Poco tempo dopo, gli eventi hanno preso una piega ancora più critica. Il 26enne si è spostato in un'area vicina all'ospedale Santissima Annunziata. Qui, avrebbe aggredito una ragazza, compiendo atti di violenza sessuale. In particolare, è stato riferito che l'abbia palpeggiata senza il suo consenso. Un carabiniere, che si trovava libero dal servizio in quel momento, ha assistito alla scena e ha tentato di intervenire per fermare l'aggressore. Tuttavia, nel tentativo di bloccarlo, il militare è stato a sua volta aggredito dal 26enne.

La reazione violenta dell'uomo ha richiesto un intervento più massiccio. Sul luogo sono giunti rapidamente altri militari dell'Arma dei Carabinieri per supportare il collega. Le forze dell'ordine sono riuscite a immobilizzare il 26enne e a condurlo presso la caserma più vicina per gli accertamenti del caso. La sua condotta ha configurato diversi reati, tra cui violenza sessuale e aggressione a pubblico ufficiale.

Arresto e custodia cautelare

Una volta giunto in caserma, il 26enne è stato sottoposto a interrogatorio. Su disposizione del pubblico ministero di turno, la dottoressa Francesca Paola Ranieri, è stato formalmente arrestato. Le accuse mosse nei suoi confronti sono di violenza sessuale, violenza e oltraggio a pubblico ufficiale. L'uomo è stato quindi trasferito in carcere. Attualmente, si trova in attesa della convalida del suo arresto da parte dell'autorità giudiziaria. La vicenda ha destato preoccupazione nella comunità locale, evidenziando la necessità di vigilanza costante.
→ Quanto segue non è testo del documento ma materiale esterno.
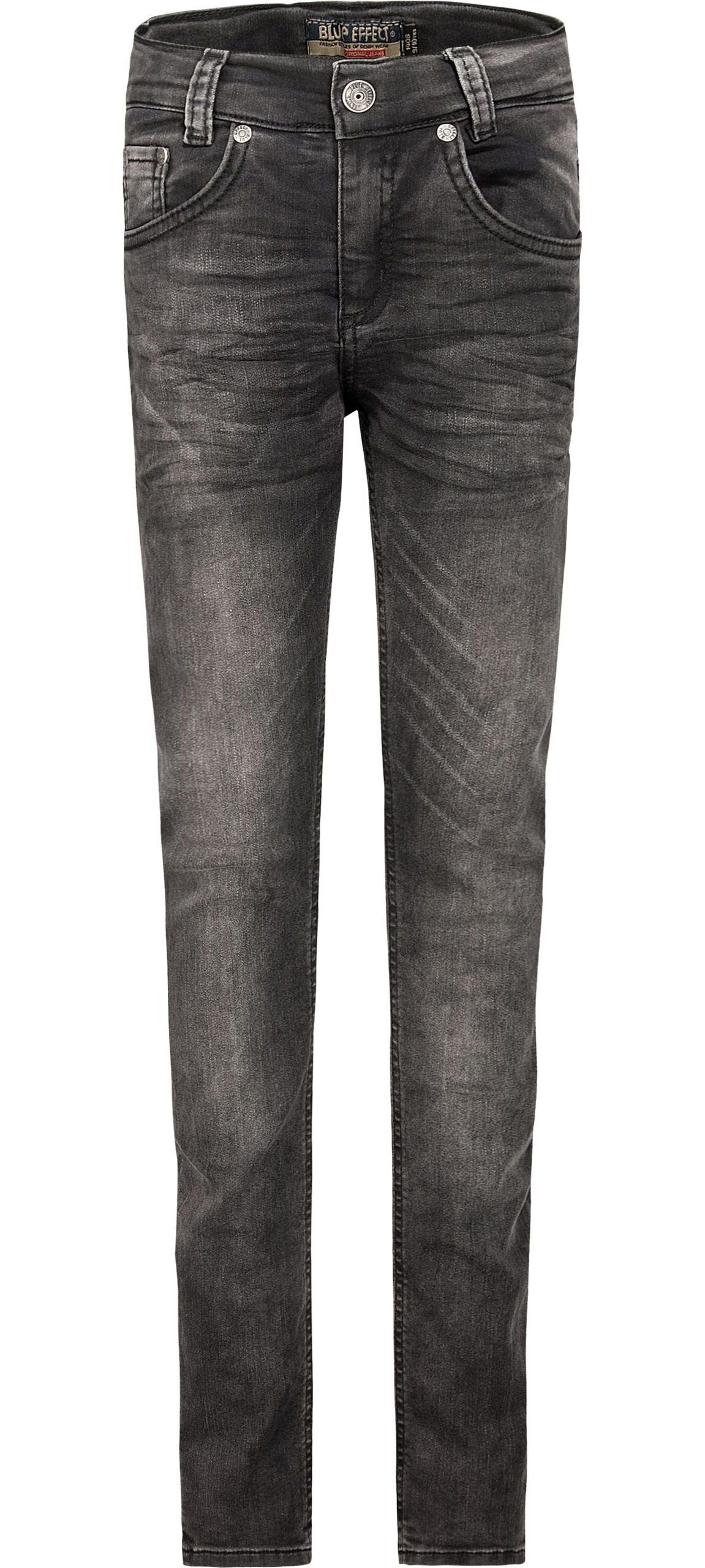 BLUE EFFECT Slim-fit-Jeans Jeans Hose ultrastretch Skinny slim fit black denim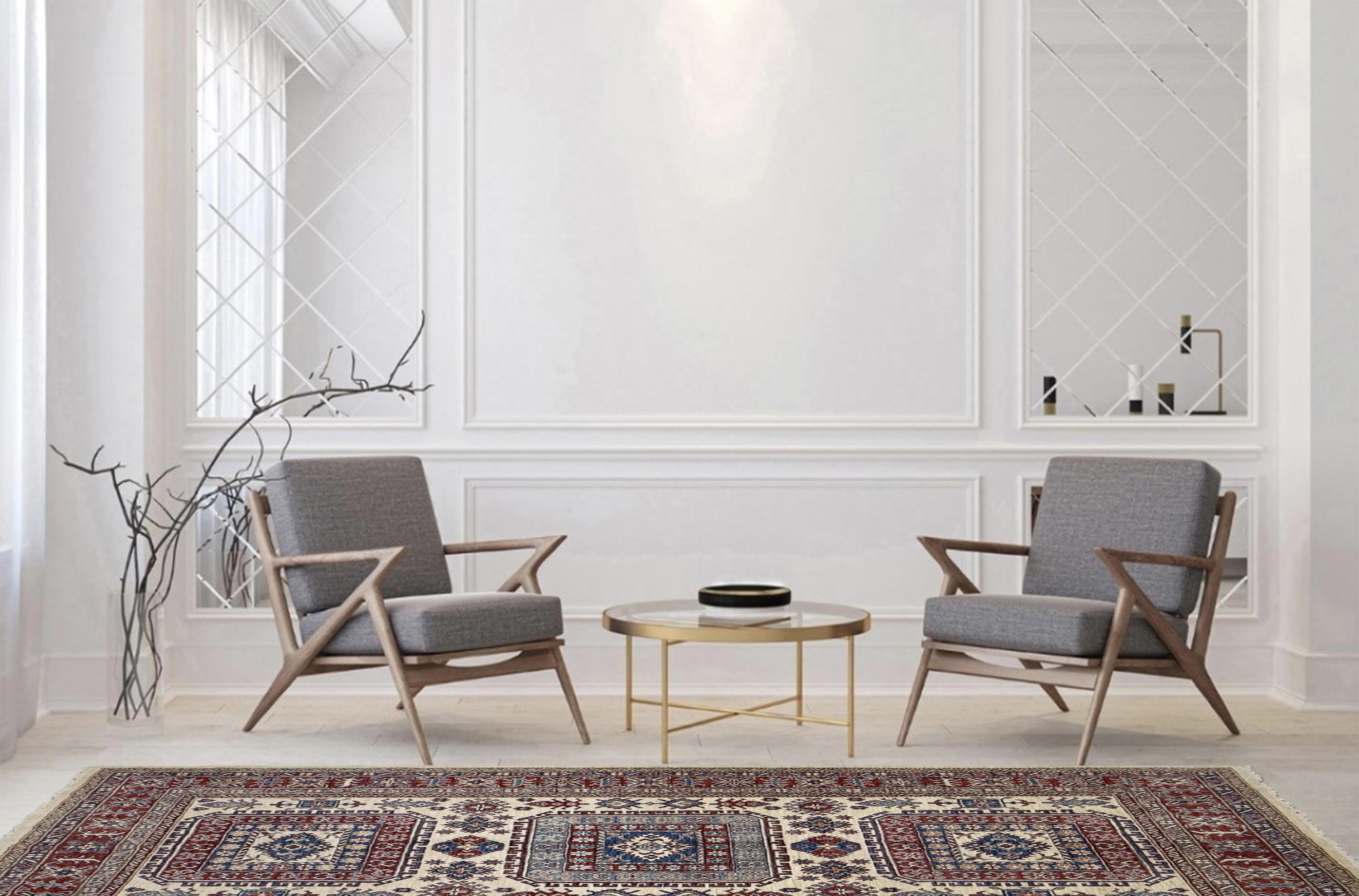 Supreme Kazak Ivory Rug PC 57431 - 2.31m X 1.71m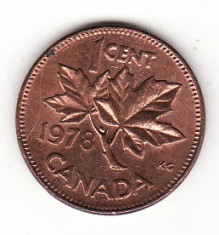 Canada 1 cent 1978 - Elizabeth II foto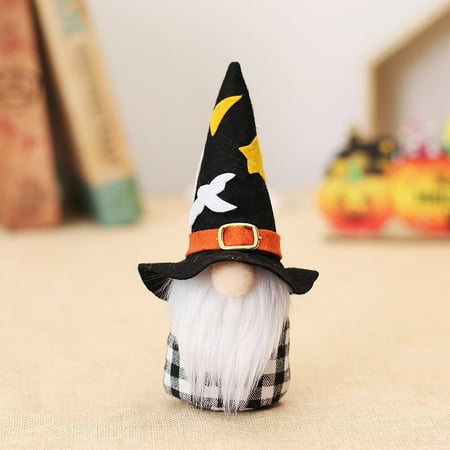 

Siaonvr Halloween Gnome Doll Pendant Faceless Dwarf Decoration Ornaments Rabbit Plush Doll Ornaments
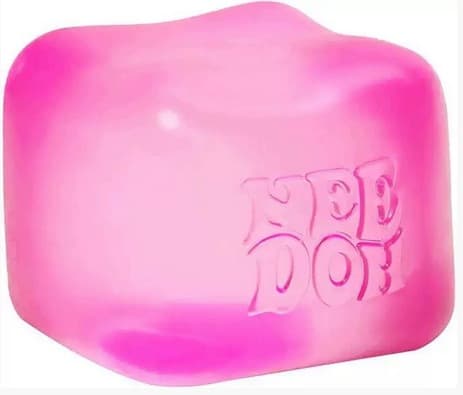Nice Cube - Ultra-durable 5.7 cm Anti-Stress Sensory Toy: Relieves Stress and Improves Concentration Pink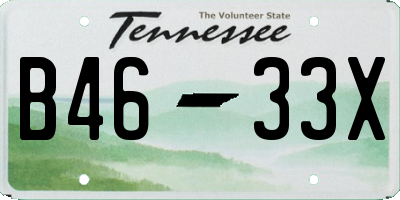 TN license plate B4633X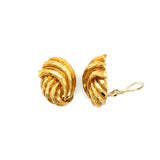 Henry Dunay 18K Hammered Gold Knot Earrings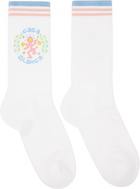 Casablanca White Dance Joy Socks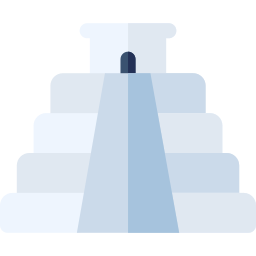 Świątynia majów ikona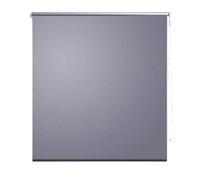 vidaXL Roller Blind Blackout 104.4x175cm Grey Window Curtain Drape Sunscreen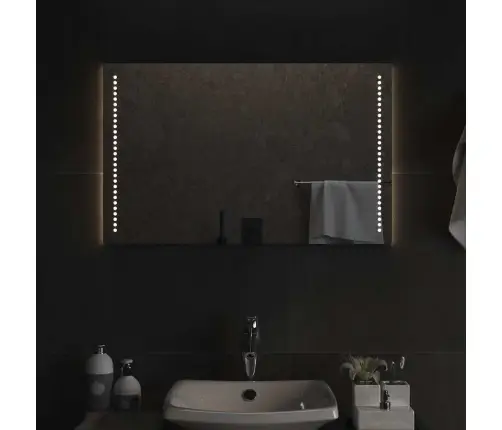 Vannasistabas Spogulis Ar Led, 80X50 Cm Vidaxl Vannasistabas Spogulis Ar Led, 80X50 Cm Vidaxl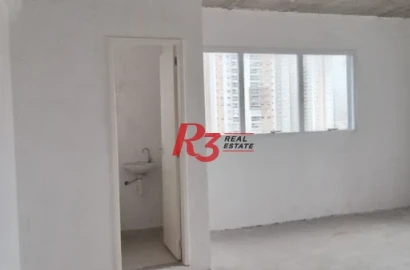 Sala para alugar, 40 m² por R$ 3.700,00/mês - Ponta da Praia - Santos/SP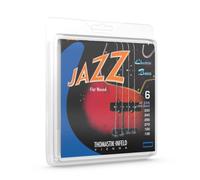 Thomastik-Infeld Flat Wound Bajo eléctrico - JF346 - Juego de 6 cuerdas - Jazz Bass Escala larga 34" - calibres .033 .043 .056 .070 .100 .0136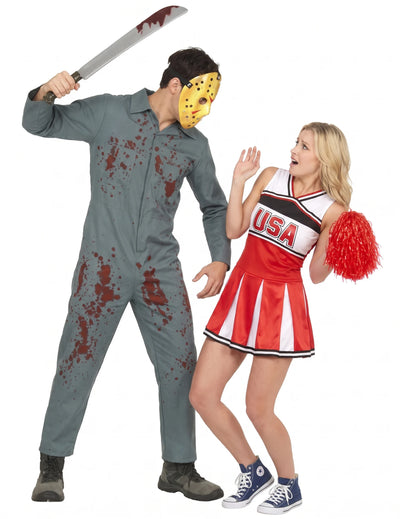 Horrorkoppel verkleed als seriemoordernaar en cheerleader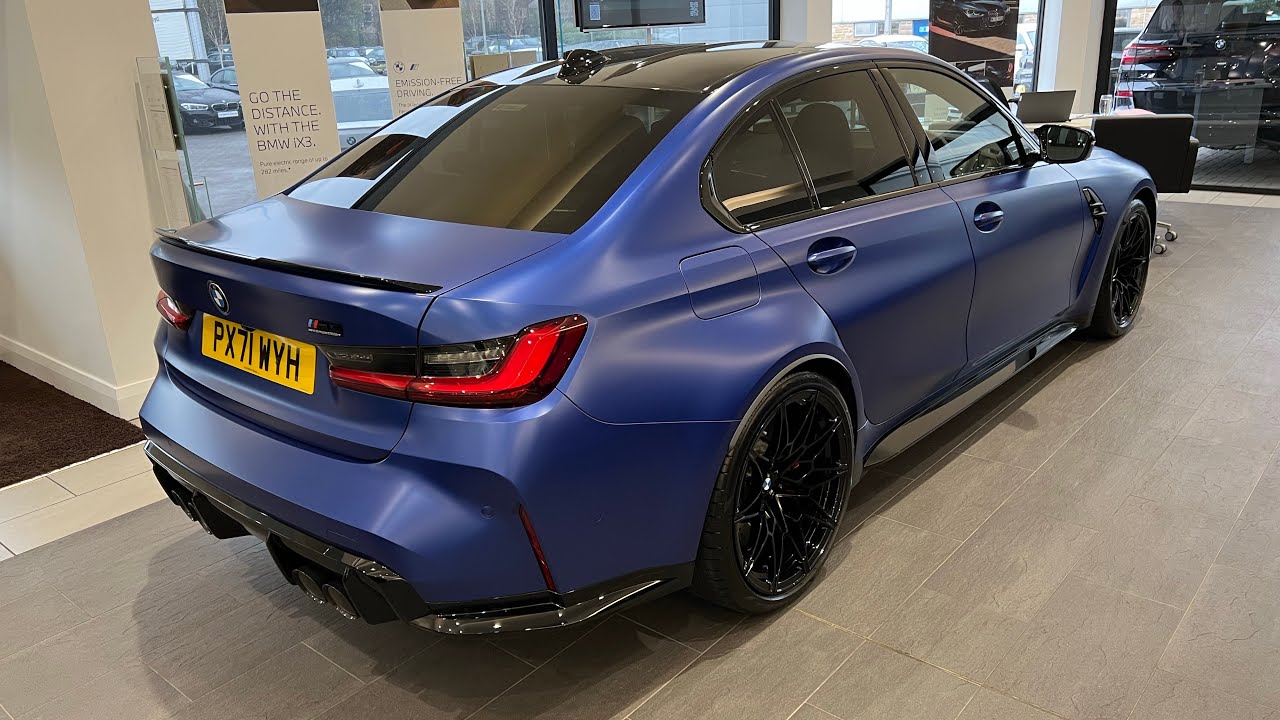 BMW M3 Competition- Satin Blue PAINT! - YouTube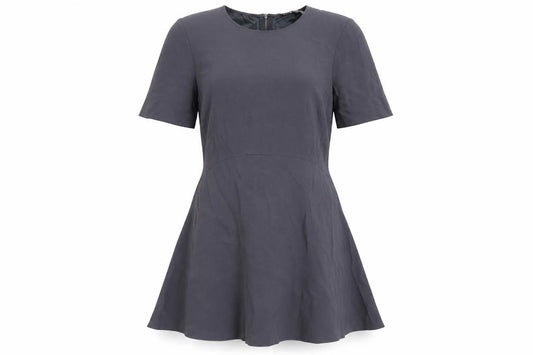 Front view of Phase Eight Women's Grey Short Sleeve Dress, size 12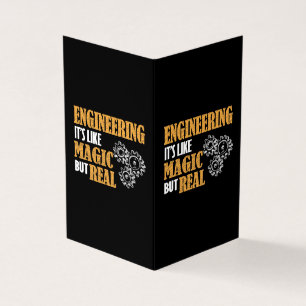 Tarjeta Ingeniería - Es como la magia pero es realmente di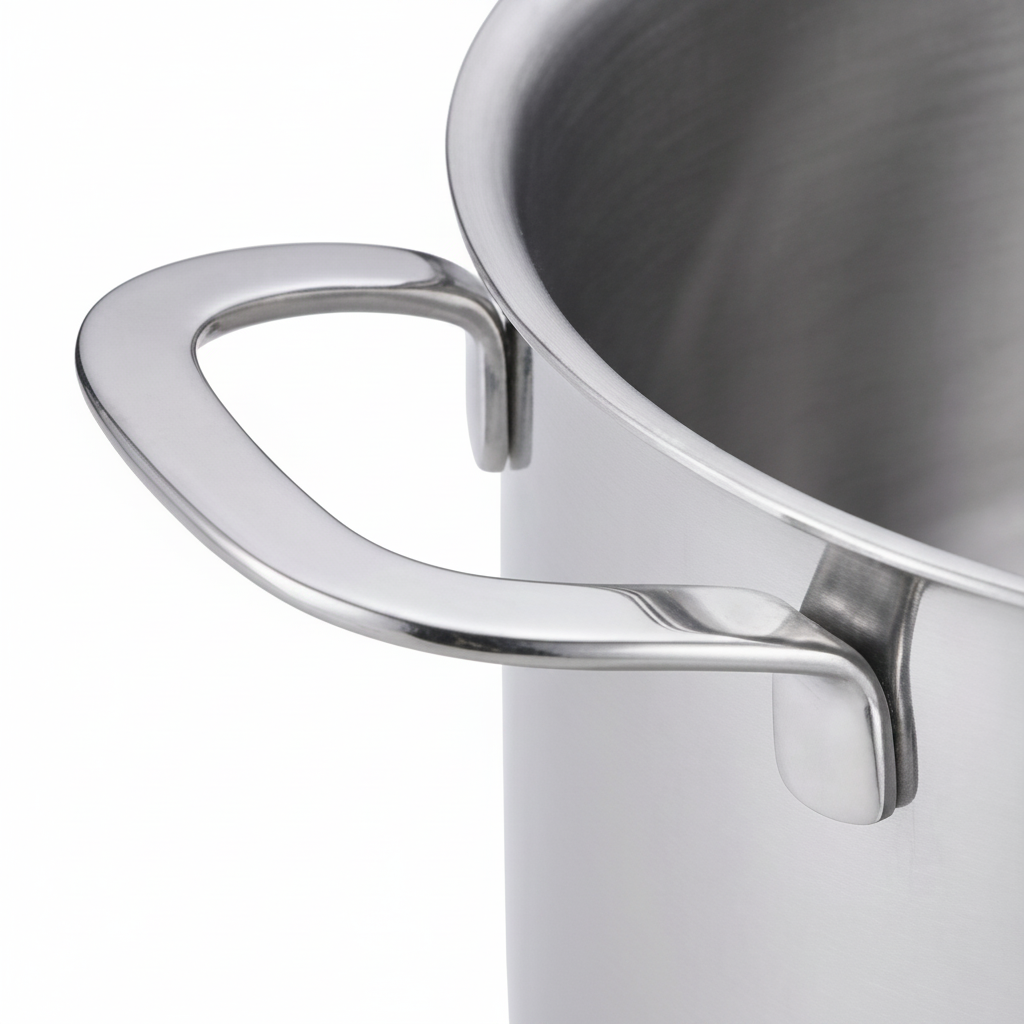 Alva Cookware 5-Ply Stainless Stock Pot with Lid, 7-Qt
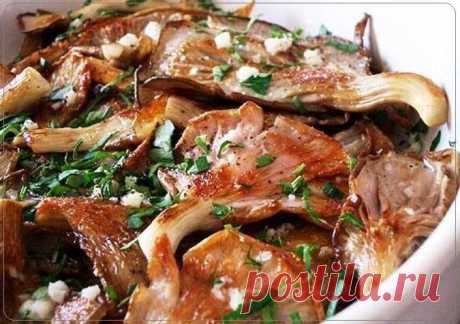 Быстрый рецепт вешенок в чесночном маринаде | Четыре вкуса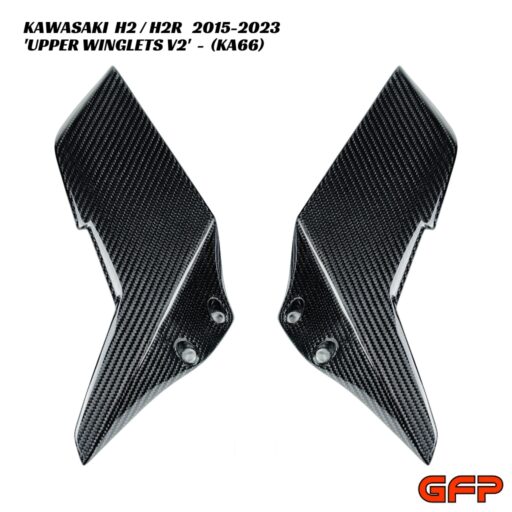 GFP Carbon Fiber New-Style Upper Winglets V2 - Kawasaki H2 / H2R 2015-2023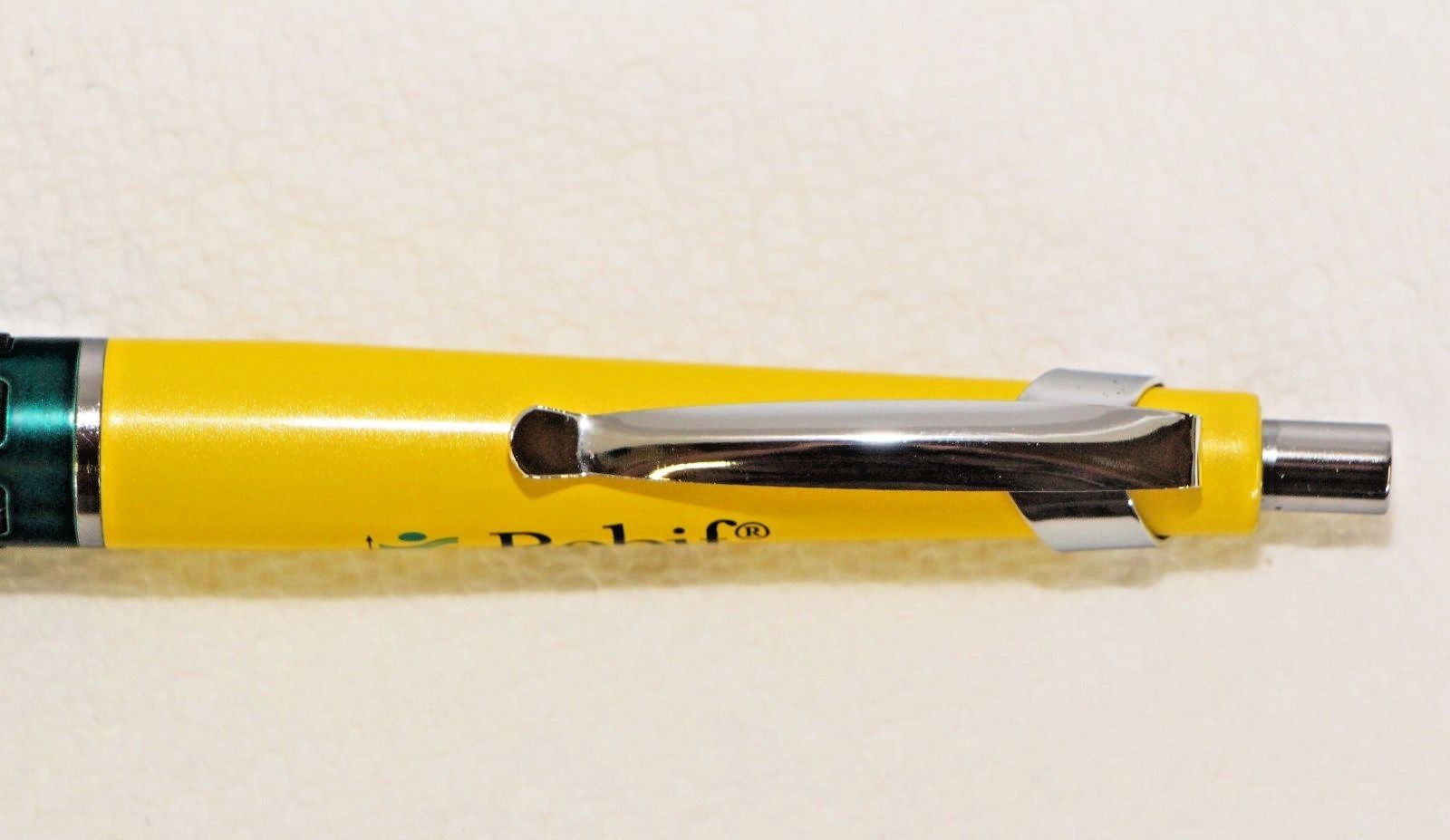 Heavy Metal REBIF Pharmaceutical Pen Yellow and Green New in Sleeve Torpedo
Le indagini proseguono per chiarire tutti i dettagli degli episodi accaduti. La zona tra via Diego Peluso e l'ospedale è stata teatro di momenti di paura per i cittadini. L'intervento tempestivo dei carabinieri ha permesso di interrompere la condotta dell'uomo e di assicuralo alla giustizia. La sua permanenza in carcere è in attesa delle decisioni del giudice. La cronaca locale di Taranto registra così un altro episodio di cronaca che ha scosso la cittadinanza.